“ベンツのよう”と形容される、知る人ぞ知るニューレトロフェイス
宮崎さんが選んだ「ルーチェ」は、マツダがかつて発売していた高級サルーン。デザインやドライビングフィールは当時のベンツを目標にしていたとされ、ご覧の通りのスクエアなニューレトロフェイスが特徴だ。
ヤングタイマーのなかでも、知る人ぞ知る国産セダンを選んだのは、「小さい頃、家族でこの車種に乗っていたから」という個人的な車の原体験によるところが大きい。
「だからもう完全にデザイン優先、ロマンを最優先に選びました」。
必要に迫られていたわけではない。であればもう少し実用性を重視して車を選んでいたと、宮崎さんは語る。
「30歳を目前にして、クルマを所有するライフスタイルを実践したいと思ったんですよ。この考え方自体、昔ながらのものかもしれませんが。身も蓋もない表現をすると、格好つけたかったんです(笑)」。
ファッション業界に身を置くからこそ、それが仕事や私生活のモチベーションに繋がることを、肌感覚で理解していたのだろう。
草野球が趣味の宮崎さん。トランクにグローブやウェアを詰め込み、試合に行くことも。
そんなこんなで、自身にとって最もロマンを感じさせてくれる「マツダのルーチェ」を決め打ちで探し始めた宮崎さん。ほどなくして出物が見つかる。

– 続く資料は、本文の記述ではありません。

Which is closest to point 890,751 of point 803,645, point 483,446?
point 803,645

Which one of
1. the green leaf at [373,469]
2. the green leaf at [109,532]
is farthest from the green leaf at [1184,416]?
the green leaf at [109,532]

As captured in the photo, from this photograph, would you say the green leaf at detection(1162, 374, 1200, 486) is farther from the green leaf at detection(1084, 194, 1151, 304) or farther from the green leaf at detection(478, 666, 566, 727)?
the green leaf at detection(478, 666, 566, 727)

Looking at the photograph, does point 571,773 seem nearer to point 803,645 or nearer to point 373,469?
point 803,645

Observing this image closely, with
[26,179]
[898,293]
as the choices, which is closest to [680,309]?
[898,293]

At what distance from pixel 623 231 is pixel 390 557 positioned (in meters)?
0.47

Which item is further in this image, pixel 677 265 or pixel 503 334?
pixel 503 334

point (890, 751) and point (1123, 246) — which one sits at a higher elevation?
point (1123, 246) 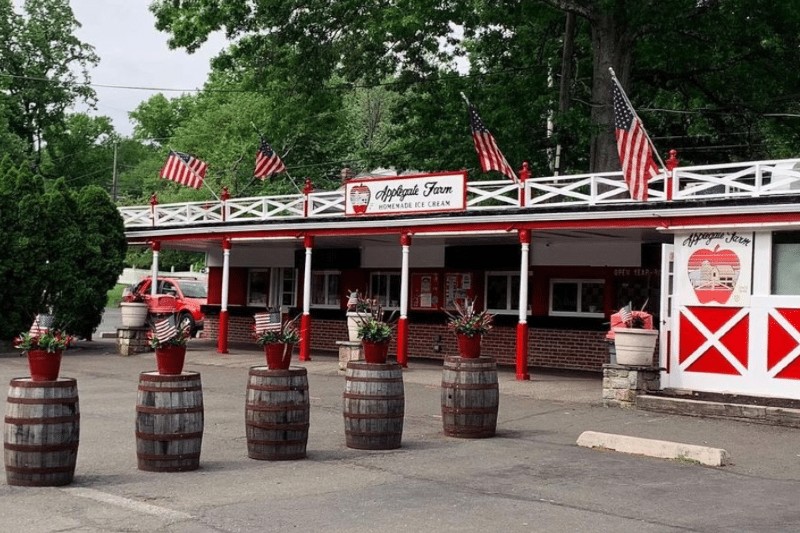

「通常のサイドミラーではなく、クロムメッキのフェンダーミラータイプで探していたんですけど、山梨県のショップでよい出合いがありまして。ひょんなことから前のオーナーさんとお会いする機会に恵まれたのですが、『まさか20代の方が乗り継いでくれるなんて』と、驚いてらっしゃいました」。
その年配の前オーナーさんは、世代の違う宮崎さんのためにと当時の紙パンフレットを探し出し、納車時にプレゼントしてくれたそう。
「当時のパンフレットをいただいたときはうれしかったです。改めて大切に乗りたいなと思いました」。